The recording is now available…
It should come as no surprise that our entire internal infrastructure is running on RavenDB. I wholly believe in the concept of dog fooding and it has serve us very well over the years.
I was speaking to a colleague just now and it occurred to me that it is surprising that we do certain things wrong, intentionally. It is fair to say that we know what the best practices for using RavenDB are, the things that you can do to get the most out of it.
In some of our internal systems, we are doing things in exactly the wrong way. We are doing things that are inefficient in RavenDB. We take the expedient route to implement things. A good example of that is that we have a set of documents that can grow to be multiple MB in size. They are also some of the most common changed documents in the system. Properly design would call to break them apart to make things easier for RavenDB.
We intentionally modeled things this way. Well, I gave the modeling task to an intern with no knowledge of RavenDB and then I made things worse for RavenDB in a few cases where he didn’t get it out of shape enough for my needs.
Huh?! I can hear you thinking. Why on earth would we do something like that?
We do this because if serves as an excellent proving ground for misuse of RavenDB. It show us how the system behave under non ideal situations. Not just when the user is able to match everything to the way RavenDB would like things to be, but how they are likely to build their system. Unaware of what is going on behind the scenes and what the optimal solution would be. We want RavenDB to be able to handle that scenario well.
An example that pops to mind was having all the uploads on the system be attachments on a single document. That surfaced that we had a O(N^2) algorithm very deep in the bowels of RavenDB for placing a new attachment.
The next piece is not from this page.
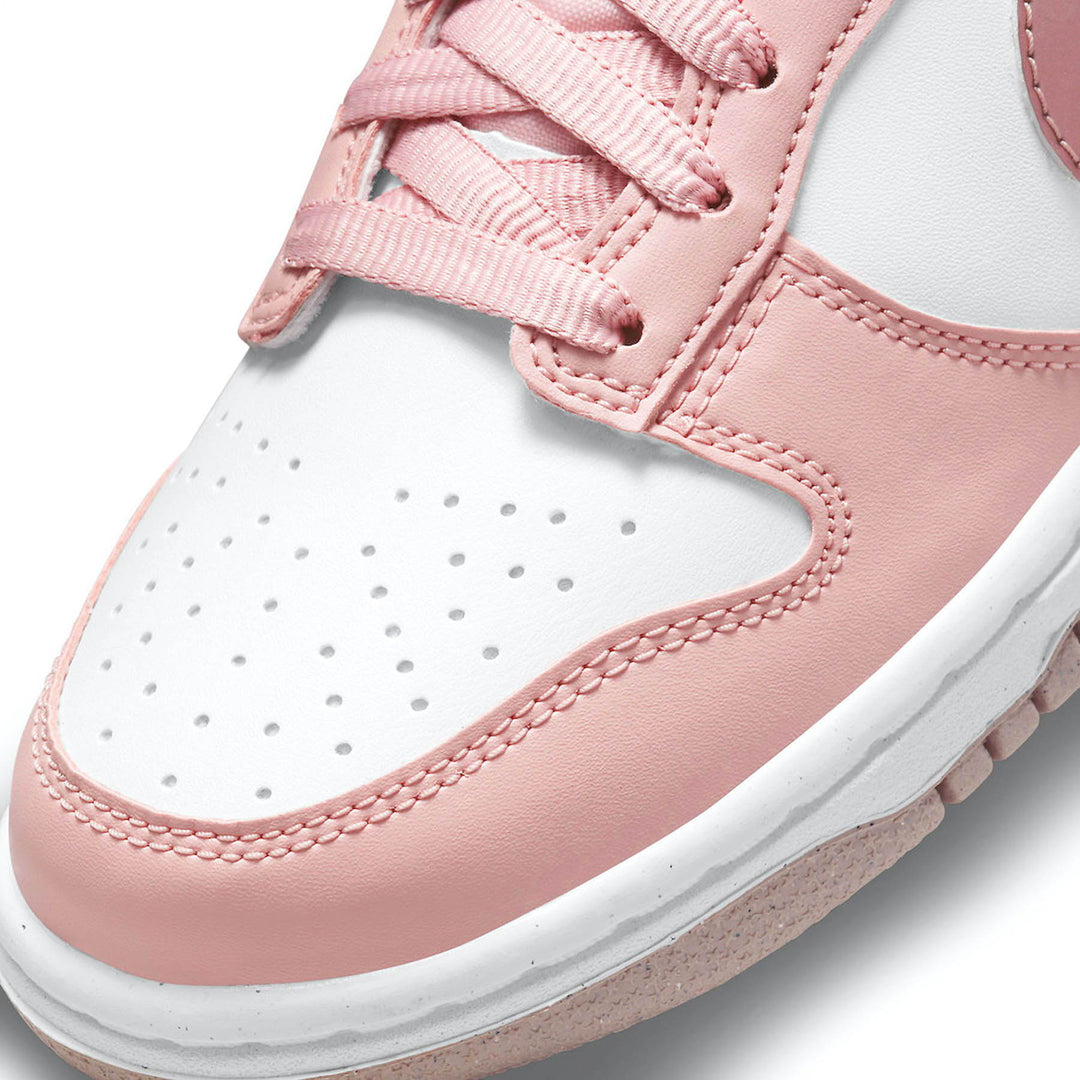 NIKE DUNK LOW GS &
It would be completely invisible under normal case, because it was fast enough under any normal or abnormal situation that we could think of. But when we started getting high latency from uploads, we realized that adding the 100,002th attachment to a document required us to scan through the whole list… it was obvious that we needed a fix. (And please, don’t put hundreds of thousands of attachments on a document, it will work (and it is fast now), but it isn’t nice).
Doing the wrong thing on purpose means that we can be sure that when users are doing the wrong thing accidently, they get good behavior.
I have wrote an article about the uses of the profiler and the benefits it brings. And here is the 30 seconds video:
You can watch the full demo in the Cosmos DB webinar.
The recording is now available here:
We got a feature request that we don’t intend to implement, but I thought the reasoning is interesting enough for a blog post. The feature request:
If there is a critical error or major issue with the current state of the database, for instance when the data is not replicated from Node C to Node A due to some errors in the database or network it should send out mail to the administrator to investigate on the issue. Another example is, if the database not active due to some errors then it should send out mail as well.
On its face, the request is very reasonable. If there is an error, we want to let the administrator know about it, not hide it in some log file. Indeed, RavenDB has the concept of alerts just for that reason, to surface any issues directly to the admin ahead of time. We also have a mechanism in place to allow for alerts for the admin without checking in with the RavenDB Studio manually: SNMP. The Simple Network Monitoring Protocol is designed specifically to enable this kind of monitoring and RavenDB expose a lot of state via that which you can act upon in your monitoring system.
Inside your monitoring system, you can define rules that will alert you. Send an SMS if the disk space is low, or email on an alert from RavenDB, etc. The idea of actively alerting the administrator is something that you absolutely want to have.
Having RavenDB send those emails, not so much. RavenDB expose monitoring endpoint and alerts, it doesn’t act or report on them. That is the role of your actual monitoring system. You can setup Zabbix or talk to your Ops team which likely already have one installed.
Let’s talk about the reason that RavenDB isn’t a monitoring system.
Sending email is actually really hard. What sort of email provider do you use? What options are required to set it up a connection? Do you need X509 certificate or user/pass combo? What happens if we can’t send the email? That is leaving aside the fact that actually getting the email delivered is hard enough. Spam, SPF, DKIM and DMARC is where things start. In short, that is a lot of complications that we’ll have to deal with.
For that matter, what about SMS integration? Surely that would also help. But no one uses SMS today, we want WhatsApp integration, and Telegram, and … You go the point.
Then there are social issues. How will we decide if we need to send an email or not? There should be some policy, and ways to configure that. If we won’t have that, we’ll end up sending either too many emails (which will get flagged / ignored) or too few (why aren’t you telling me about XYZ issue?).
A monitoring system is built to handle those sort of issues, it is able to aggregate reports and give you a single email with the current status, open issues for you to fix and do a whole lot more that is simply outside the purview or RavenDB. There is also the most critical alert of all, if RavenDB is down, it will not be able report that it is down because it is down.
The proper way to handle this is to setup integration with a monitoring system, so we’ll not be implementing this feature request.